##### INFORMATION GIVEN

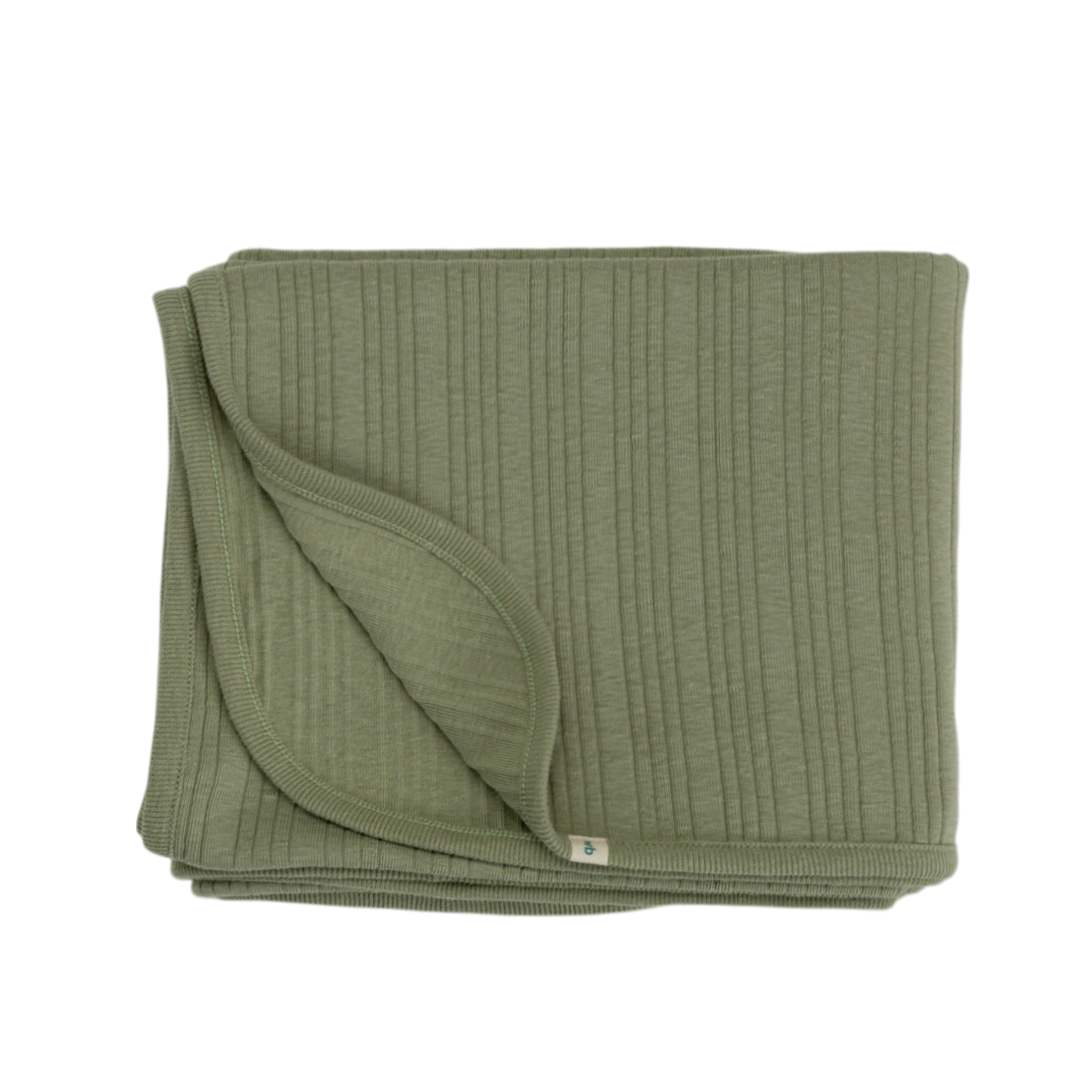 Woolbabe Merino/Organic Cotton Swaddle Blanket - Daydream Collection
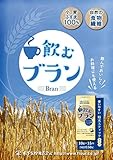 木下製粉 【小麦ふすま100% 焙煎 微粉砕】 飲むブラン 150g(10g×15本)×4箱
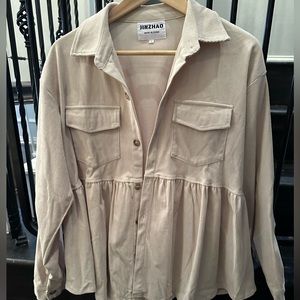 New Size Large jacket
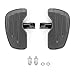 Kiawnia Motorcycle Rider Floorboards, Driver Footboard, Front Footpegs, Wide Footrest, Front Foot Rest Fits for Honda Gold Wing GL1800/Goldwing GL1800 F6B 2001-2024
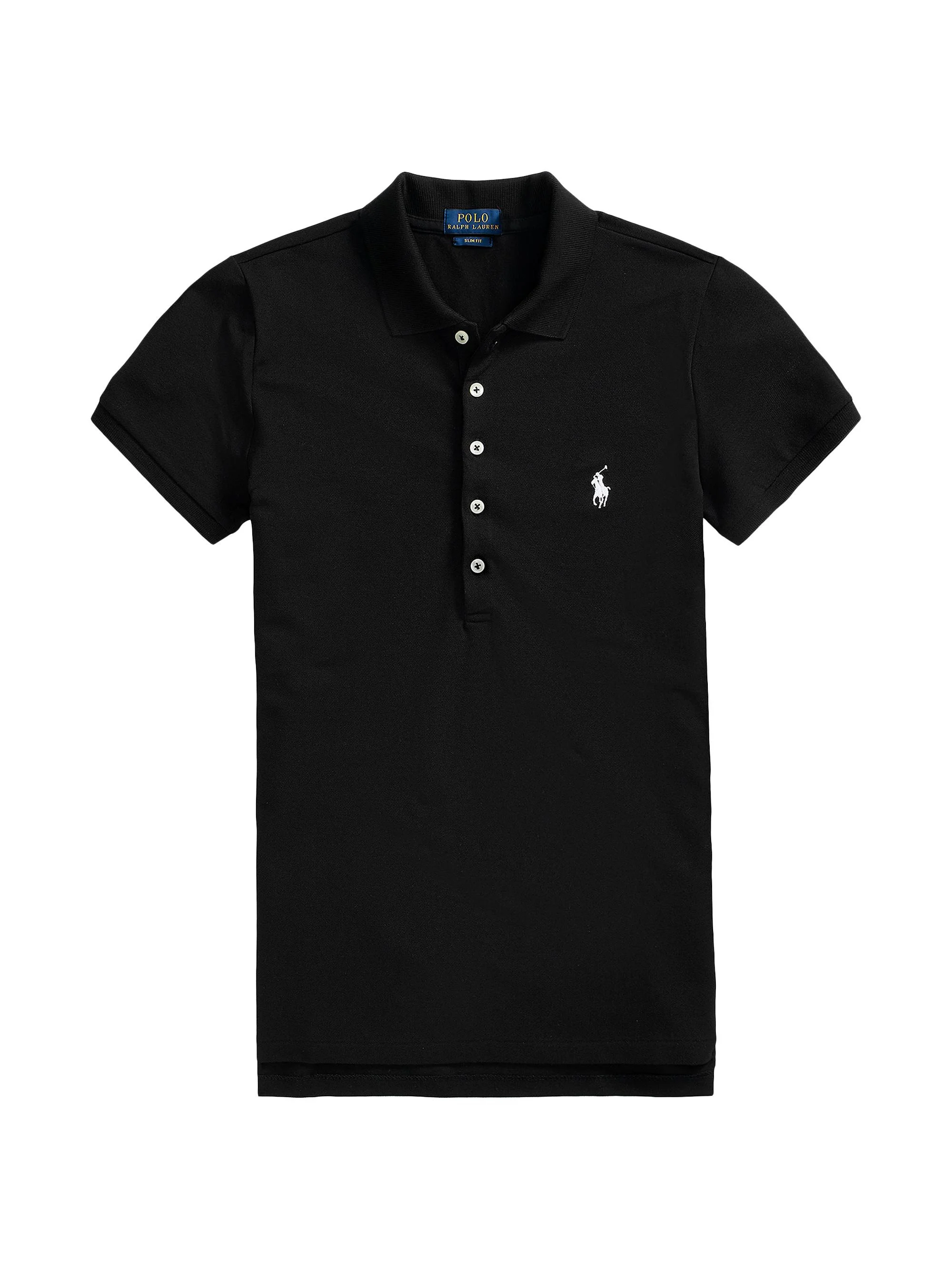 Women's Julie Short-Sleeve Polo - Polo Black - 1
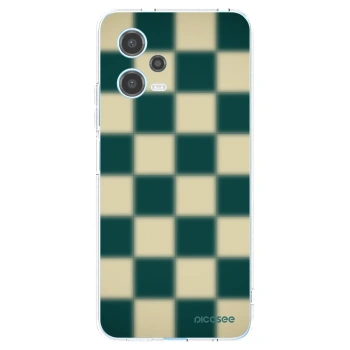 Picasee silikonový průhledný obal pro Xiaomi Redmi Note 12 5G - Shadow Chess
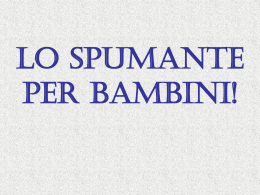 Lo spumante per bambini!.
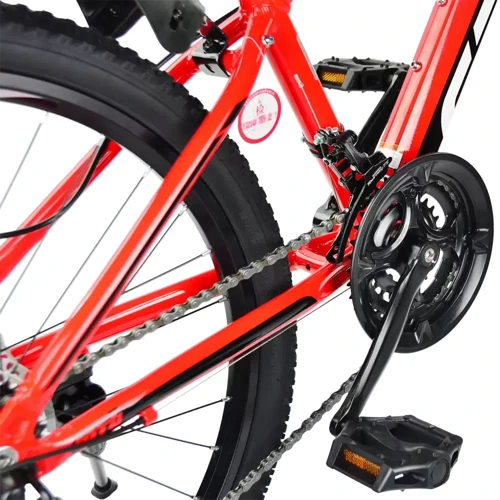 Велосипед RoyalBaby FEMA MTB 1.0 24", OFFICIAL UA, красный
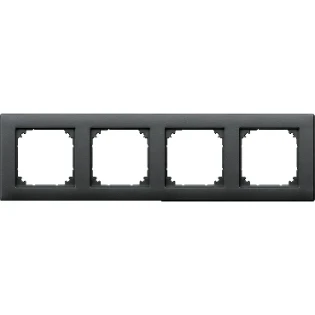 Schneider Electric - Afdekraam schakelmateriaal - 486414 486414 12184659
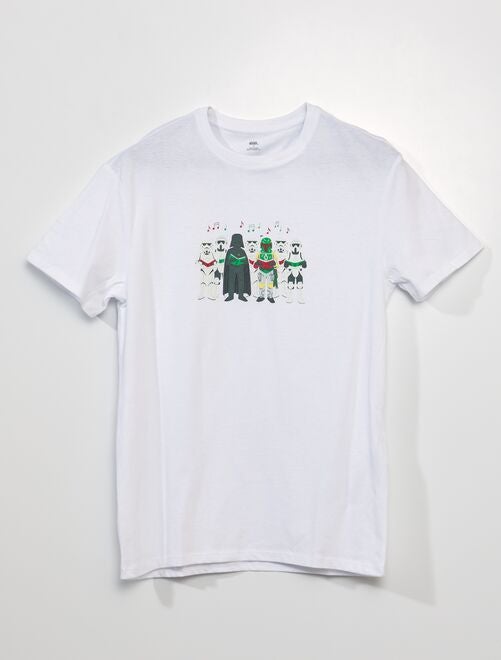 Camiseta 'Star Wars' 'Navidad' - Kiabi
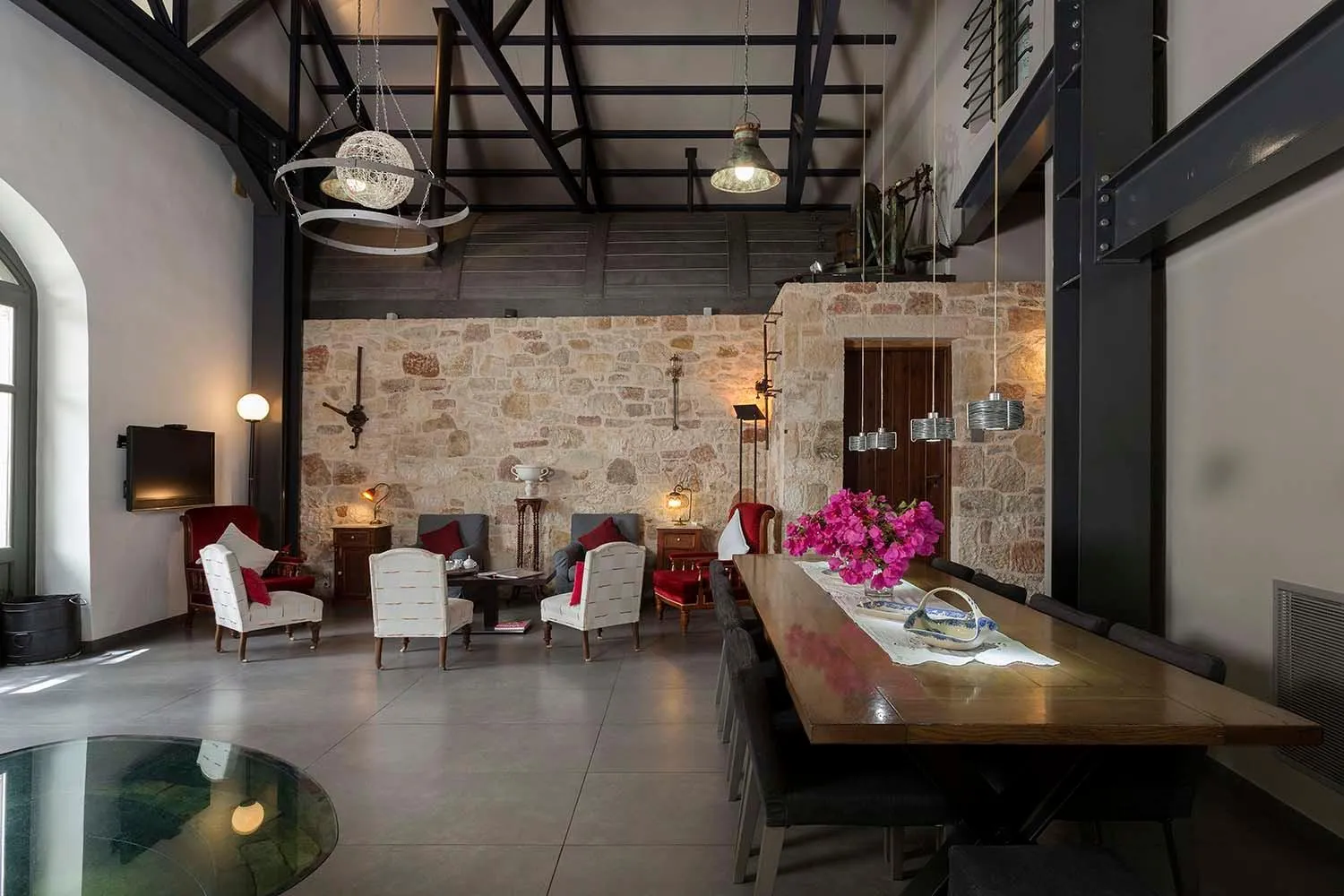 Communal lounge/ TV room in Familia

##########

**EXERCISE BRIEF**
Word for word, give again the lines from the first entry to the line with "New Size Large jacket", inclusive. Exclude the pictures.

**RESPONSE TO THIS TASK**
 Woolbabe Merino/Organic Cotton Swaddle Blanket - Daydream Collection
 木下製粉 【小麦ふすま100% 焙煎 微粉砕】 飲むブラン 150g(10g×15本)×4箱
 New Size Large jacket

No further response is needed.